0

I want to scrape so-called TC-strings (Tracking Consent Strings) from sites that implement the so-called Tracking Consent Framework for GDPR compliance.

In the browser console I can enter something like

window.__tcfapi('ping',2,function(data,success){console.log(data);})

The description of the API can be found here TCF API. The third argument is the callback function to write the received data to the console. The desired return value (he example is from focus.de) would be a dictionary that looks like this

{
"cmpId": 6,
"cmpVersion": 1,
"gdprApplies": true,
"tcfPolicyVersion": 2,
"cmpLoaded": true,
"cmpStatus": "loaded",
"displayStatus": "hidden",
"apiVersion": "2",
"gvlVersion": 82}

How would I be able to assign this console output to a variable in python using Selenium?

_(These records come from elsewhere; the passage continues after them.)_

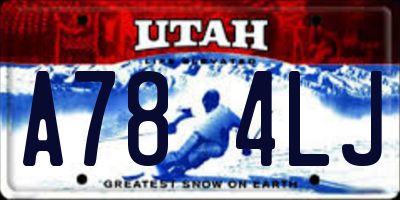 UT license plate A784LJ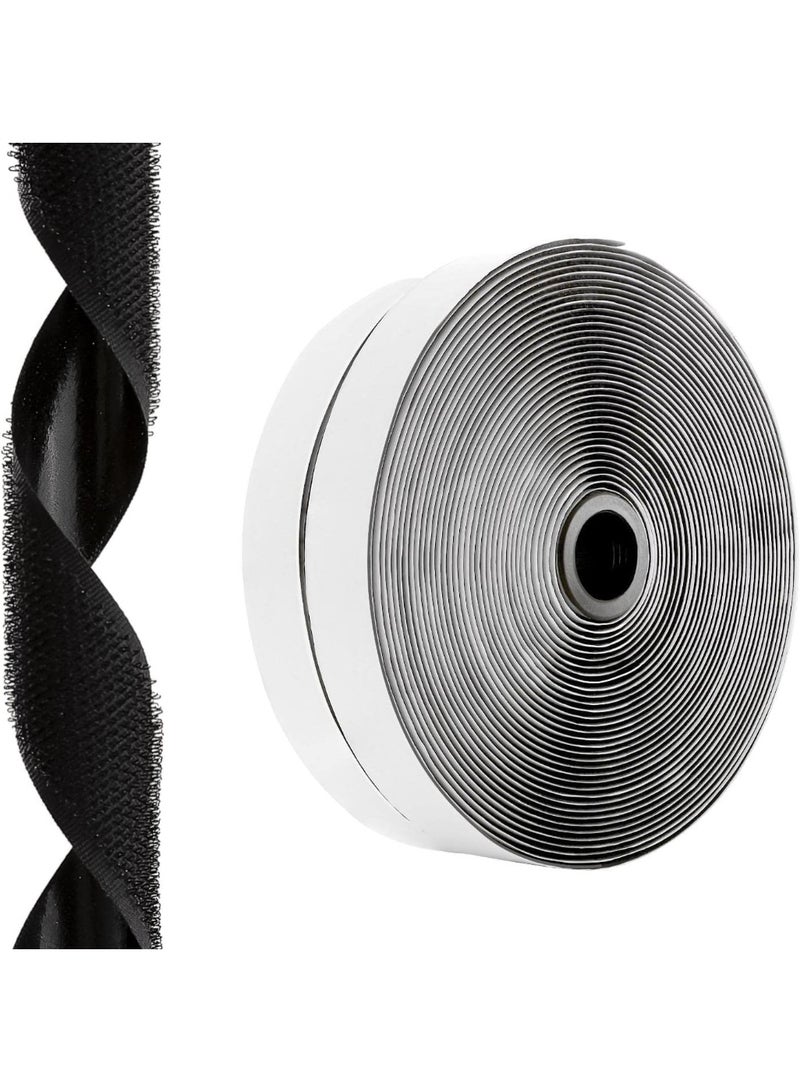 شريط لاصق قوي بخطاف وحلقة، عبوة من قطعتين - 2 متر × 2.5 سم، أسود اللون، قوي، ذاتي اللصق، مناسب للتركيب، والأعمال اليدوية، والمنزل، والمكتب، والتنظيم الداخلي والخارجي - Image 1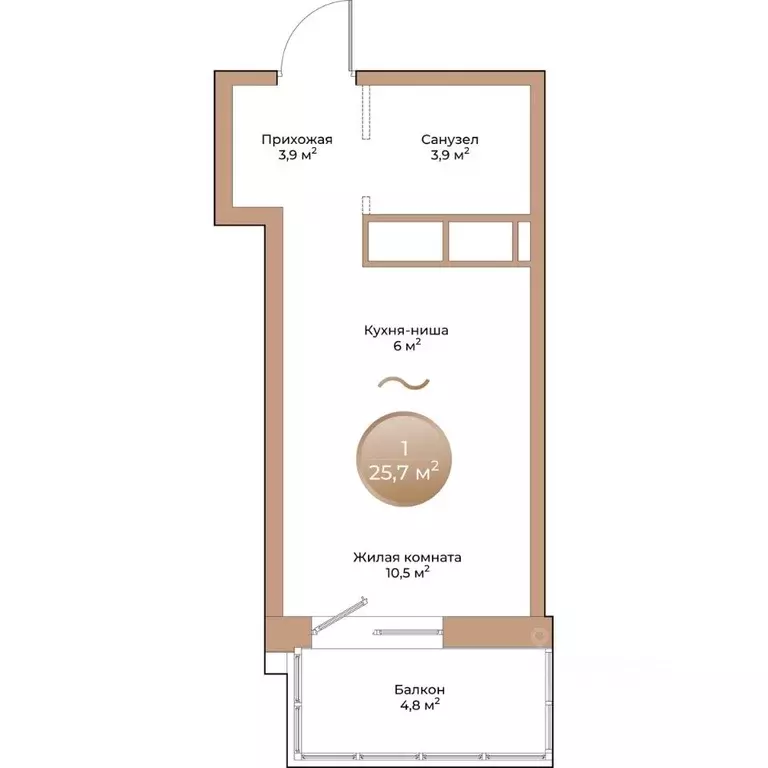 Студия Красноярский край, Красноярск ул. Партизана Железняка (25.7 м) - Фото 1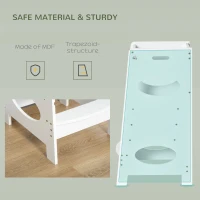 HOMCOM Toddler Step Stool Kids Adjustable Standing Tower with Safety Rail for Kitchen Counter White(m-5)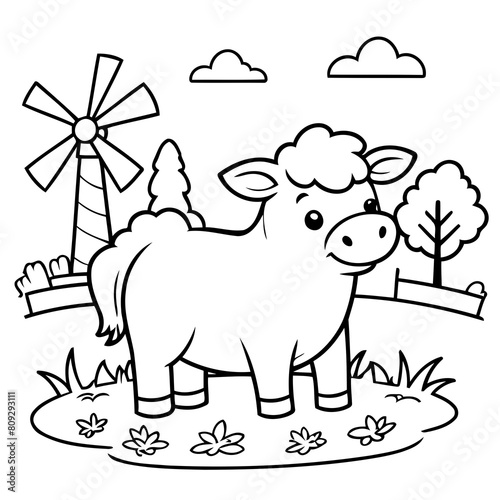 Cute vector illustration farm doodle colouring activity for kids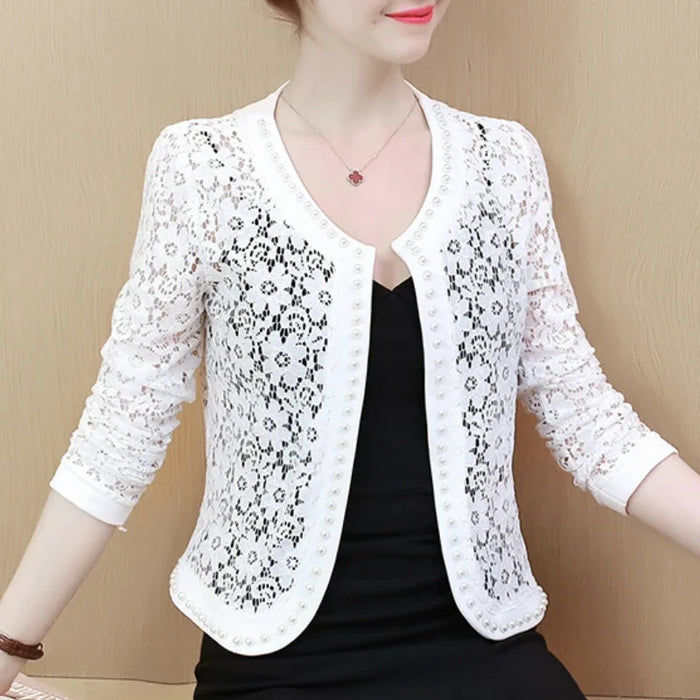 Womens Jackets Long Sleeve Beading Hollow Lace
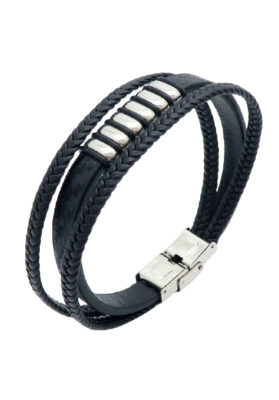 A multi-layer black leather bracelet for men, featuring a sleek design with stainless steel accents for a rugged yet stylish appearance.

I could try executing the script with the execute_script-method like this:

from selenium import webdriver
from selenium.webdriver.common.desired_capabilities import DesiredCapabilities
cap = DesiredCapabilities.CHROME
cap["goog:loggingPrefs"] = {"performance": "ALL"} 
driver = webdriver.Chrome(desired_capabilities=cap)
driver.execute_script("window.__tcfapi('ping',2,function(data,success){console.log(data);})")

And then getting the console logs, like it is discussed in this question: Getting console.log output from Chrome with Selenium Python API bindings

However this seems very inefficient and I surmise my problem stems more from a misunderstanding of asynchronous javascript programming.

I also tried using the execute_async_script method. But that only results in a timeout error for me.

Any hints are greatly appreciated, thank you very much.

1 Answers1

0

I solved it (temporarily) using this workaround:

tcs = driver.execute_script("window.__tcfapi('ping',2,function(data,success){window.tcs=data;}); return window.tcs")

So basically I changed the callback function to set a global variable window.tcs which then can be accessed and returned within the function that is executed when we use Selenium's execute_script method.

I am aware that setting global variables is a bad idea...

However you can also remove it with driver.execute_script("delete window.tcs").